Has Citibank turned the corner?
No sooner did I suggest, yet again, that it was time for the Feds to deal with Citibank (C:NYSE) did CEO Vikram Pandit come out with a letter “to employees” and declare that the bank was having a great January and February. Didn’t I look like an idiot (see prior post “Is it time to nationalize Citibank?” March 10-09). At least for now.
When you read his letter, you can see why the market got excited yesterday. Citi is having the best two months since 2007. M&A is hot, and US$19 billion in revenue has been amassed over the first two months. Compared to what I believe was US$16.3 billion of revenue in all of Q4 2008 (before deducting US$10.7B in revenue reversals associated with asset writedowns).
If Citibank keeps up that pace, Q1 2009 could break US$27 billion in revenues. If expenses remain in the US$15.5 billion range, that’s a tidy profit for sure. Particularly when Citi’s market cap is just US$8B today. That feat requires Citi to avoid any further asset writedowns. And that, of course, is what the last year was all about. Asset writedowns undermining an otherwise decent business. As TD Bank CEO Ed Clark has said himself, banking is the best business God ever created as long as you don’t screw it up.

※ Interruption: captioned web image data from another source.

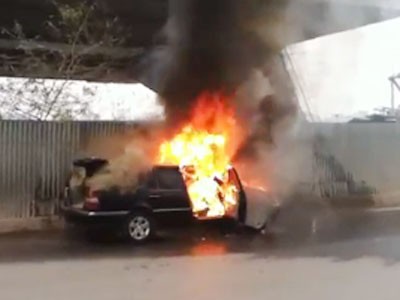 Cận cảnh ô tô Mercedes bốc cháy dữ dội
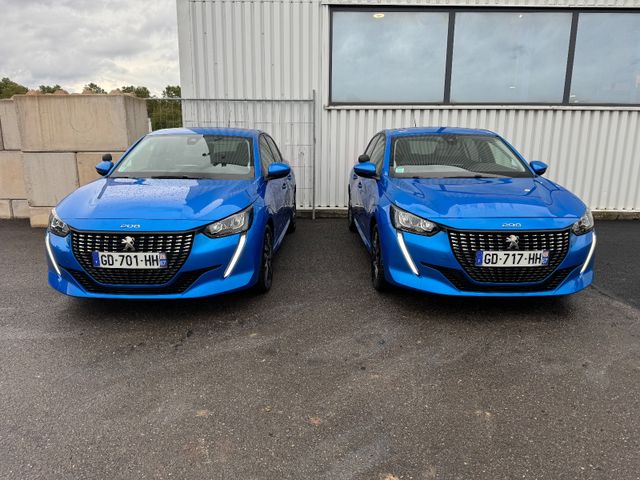 Peugeot 208 Allure /Navi/Vertigo-Blau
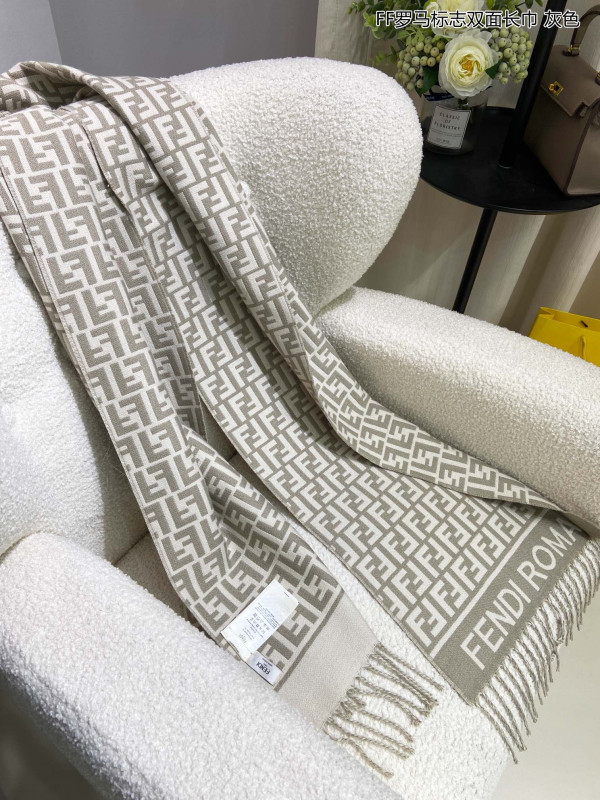 F**di scarf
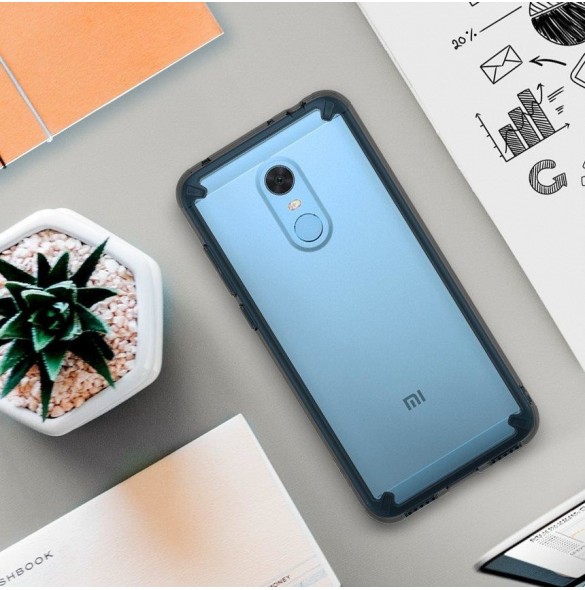 Din Xiaomi Redmi 5 Plus / Redmi Note 5 (enstaka kamera) kommer att skyddas av detta stora omslag.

From a staff and market management standpoint, I totally understand the driving force behind Mr. Pandit’s letter. He had to stop the rout. And it worked. Stock is up 50%.
But hasn’t he set himself up for some ‘splaining if they take material asset writedowns in March? Although the assets that have bedeviled so many financial institutions bounce around each day, the formal accounting valuation should only happen each quarter when the CFO sits down with the auditor and settles on the balance sheet to be released with the quarterly financial statements. Although Citibank might be able to take another US$10.7B in writedowns this quarter and still report a net profit, won’t that come as a shock to those who read the “rosiest times since 2007” letter?
The truth is, that none of this may matter. The SEC head advised Congress today that she is in favour of amending market-to-market rules so that “fire sale prices” are ignored. CNBC’s Larry Kudlow calls it “mark-to-market lite”. That mark-to-market accounting is a problem is not new information to our readers (see prior post “Accountants are failing investors with “fair value” accounting” August 6-07). To suspend it now does nothing but prove that it was always a bad idea for those assets that folks were planning to hold until maturity.
And if the values of the SIVs, CDOs and CLOs are dependent on a recovery in the U.S. housing market, the recession isn’t going to stop tomorrow to ensure that Citi’s balance sheet can hold together.
MRM
I am not short Citi, but I do have a couple of questions.
1) If I am a repo man, and I walk up to a guy’s house and tell him I am going to repossess his car, he might say something like: “Don’t do it — I just got a great new job and I am making more money this year than I ever have.” I bet all sorts of people say stuff like that and all sorts of repo men have (to say the least) somewhat sceptical attitudes to such protestations. Given that Citi was (as of last week) rumoured to be teetering on the edge of bankruptcy…why is there almost no discussion of whether Vikram is being 100% truthful with us. [Please note I am not suggesting he is being untruthful — I am just saying his motives for being untruthful are highly apparent.]
2) Normally, comments like “we are making more money than ever before” in the middle of a quarter by a reporting issuer are frowned upon by regulators if not press released in an appropriate fashion as part of Reg FD. The materiality test is certainly met: the improperly released info caused the share price to move 50%! Or perhaps the new rule with the SEC is “thou shalt not leak material non-public information…unless it lifts equity prices during a really bad bear market?”
Duncan
The letter was filed as an SEC filing, but you won’t find it anywhere as a press release. I assume an SEC filing serves for Reg FD purposes, even though not everyone would know to go and look at their SEC filings every 5 minutes to see what’s there.
MRM
Criticism #2 cheerfully withdrawn — all the stories I saw made it sound like a “leak” rather than a filing. Thanks for the clarification. Although I still am not sure that (if I were an investor) this is how I would prefer the information to be disseminated.